The NSW Rural Fire Service says land management services were unable to complete up to two-thirds of the large-scale preventative burns planned for the region this winter due to "adverse" weather conditions and the early onset of fires.
While the NSW Government says it has met its overall target for hazard reduction burns in the state over the past four years, NSW RFS Inspector Ben Shepherd said the smaller window to complete burns this year emphasised the need for services and individuals to enact all precautionary strategies possible before future blazes.
The RFS is the coordinating authority for hazard reduction burns, assisting National Parks and Wildlife Services, councils, forestry and landholders.
Mr Shepherd said at least five of 18 planned large-scale burns went ahead in the lower hunter this winter.
"There was rain and problems with adverse weather, the smoke would have just hung around for too long. And then the region started seeing fires from August 8," Inspector Shepherd said.
"Because we need to prioritise resources [for fires], it limits opportunities to do further burning. Because of the the dry, warm and windy weather I don't think we will see more hazard reduction burning in the region even until autumn."
He said drought had been a leading factor in the devastation of the recent fires.
"We've seen over 1.7 million hectares burnt already this fire season in the state, mostly in the state's north-east, compared to 286,000 hectares last fire season," he said. "Because of the dryness of the fuels, where there's fuel and drought that's where there is the highest amount of fire activity.
"We highlighted and conducted a very strong awareness campaign that the risk is very much in the forested ranges from the Victorian border to the Queensland border, which is concerning because the greatest population density also exists in those areas."
Mr Shepherd said commentary suggesting the state wouldn't have seen the spate of fires if more hazard reduction had been performed was incorrect.
"You can't just hazard reduction burn all things fire," he said. "Burns themselves don't stop fires, they reduce the intensity. We've seen the recent fires burning through areas where we performed hazard reduction as little as two years ago."
The importance of using a range of precautionary measures was increasing as the fire season seemed to be lengthening, he said, now "stretching from August through to April and even May".
Land use planning needs to take into consideration future climate risks.Dr Iftekhar Ahmed
"As we start to see changing of the season and a little bit of changing in the climate, we could see further reduced windows to conduct hazard reduction and that's why it's going to come down to individuals understanding their personal risk.
"There needs to be a variety of strategies used, mechanical clearing, asset protection zones and adherence to building requirements in bushfire-prone land," he said. "Then there's those most basic elements of residents clearing out their gutters, trimming back branches and mowing lawns.
"More than 90 per cent of homes burnt in fires are lost to ember attacks, which is largely due to homes being ill prepared - embers igniting in materials ready to burn."
Dr Iftekhar Ahmed, the program convener of the University of Newcastle's master of disaster resilience and sustainable development, said governments needed longer term plans to respond to the risk of unpredictable fire seasons.

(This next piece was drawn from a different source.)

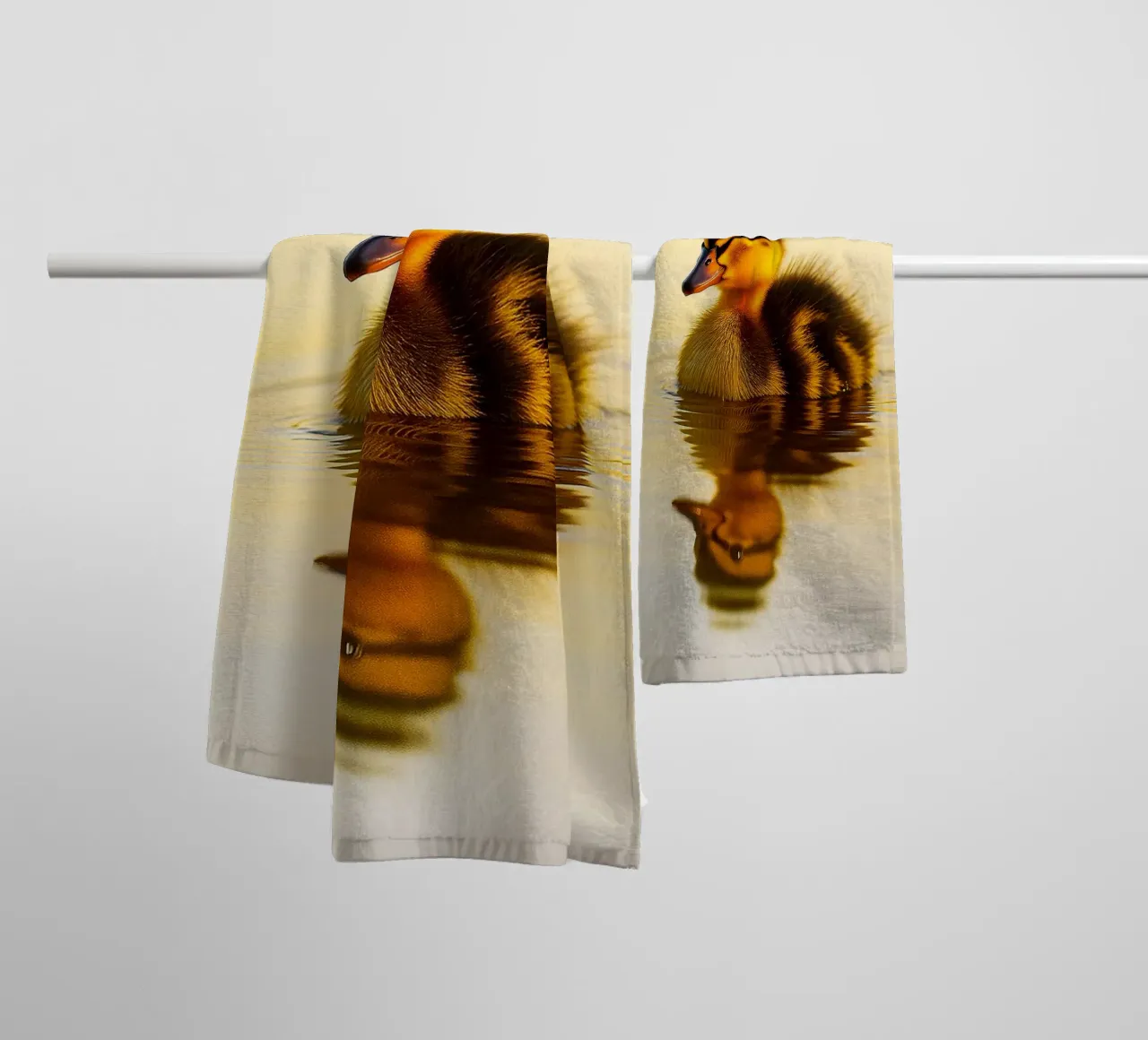 Duck swimming in the lake towel by kukupuu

He described the magnitude and timing of the recent fires as "very unusual" and said research had made the link between climate change and erratic weather conditions "quite clear".
"The hazard reduction, emergency warnings, community firefighting, volunteering, we are pretty good at that," Dr Ahmed said. "On the other hand, the rate of human settlement and growth of new suburbs in high-risk areas has been phenomenal. It's a real estate and planning problem. Land use planning needs to take into consideration future climate risks."
Currently, he said, regulation placed responsibility on individuals to be informed about their fire risk in years to come.
"Right now if you want to live in a high-risk area you are allowed to as long as you pay the price for making your home fire resilient. But no building is fire proof. The government has a much bigger role to play, you can't leave this up to the private sector and communities," Dr Ahmed said.